二人はどちらからでもなく二人同時に手を出して繋いだ。
これが二人の自然なのだろう。
そして、二人は特に目的地があるわけじゃないのでとりあえず歩き始める。
また一歩、二人は心を通い合わすことに成功したようだ。

 

 

「へぇ、中々やるなぁ、恭介」
「まったくだな。理樹君私とそ、そのなんだデートしないか?」
「あー、姉御抜け駆けは駄目デスヨ!」
「ちょ、ちょっと二人ともやめなよ。尾行がばれるって!」
少し後ろから騒がしい声。
理樹、葉留佳、唯湖の三人は二人の様子を盗み見ていた。
「しかし、恭介君もお姉ちゃんのどこを気に入ったんだろうねぇー」
「さあな。

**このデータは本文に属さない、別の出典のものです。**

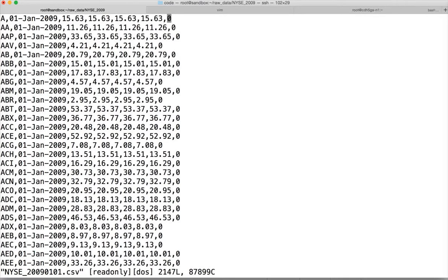If the stocks are traded and you still get zeros, then there is some issue with the dataset and you have to work with the source team to reprocess the data. Instead of writing a full-blown application, you can leverage the counters API, build some custom counters, and try to understand the data quality problem.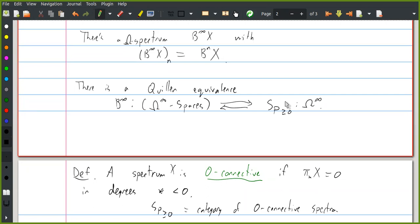What Zach is saying is that the mod p homology of an infinite loop space has Dyer-Lashof operations on it, and if we lift that to a spectrum, we should be able to see them. I think it's the same, but I'm not sure — I'm just blanking on it. Let me get back to you about it.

人には人を選ぶ理由があるというものだ。その辺は気にしてはだめだと思うぞ?」
「だよね。僕も今誰が好きなのか良く分かってないし」
不意に理樹の両腕が絡め取られる。
「よし、それじゃお姉さんが理樹くんをエスコートしてあげよう」
「理樹君、出発だぁー!」
「ええーー!! どこに行くのさっ。尾行は!?」
理樹のツッコミに二人は、
「ぶっちゃけて言うと」
「飽きたんデスヨ。てか二人の邪魔しちゃ悪いっしょ」
阿吽の呼吸で理樹に言う。

「はぁ……」
理樹はため息をつき、ふと空を見た。
曇り一つないいい天気だ。
こんな日にデートも悪くないか。
「それじゃ行こうか。来ヶ谷さん。葉留佳さん」
「ラジャーですよ!」
「ふむ、では行こうか」


空は快晴、この日はいいデート日和になりそうだ。
二組のカップルがどうなったかは本人たちにしか分からない。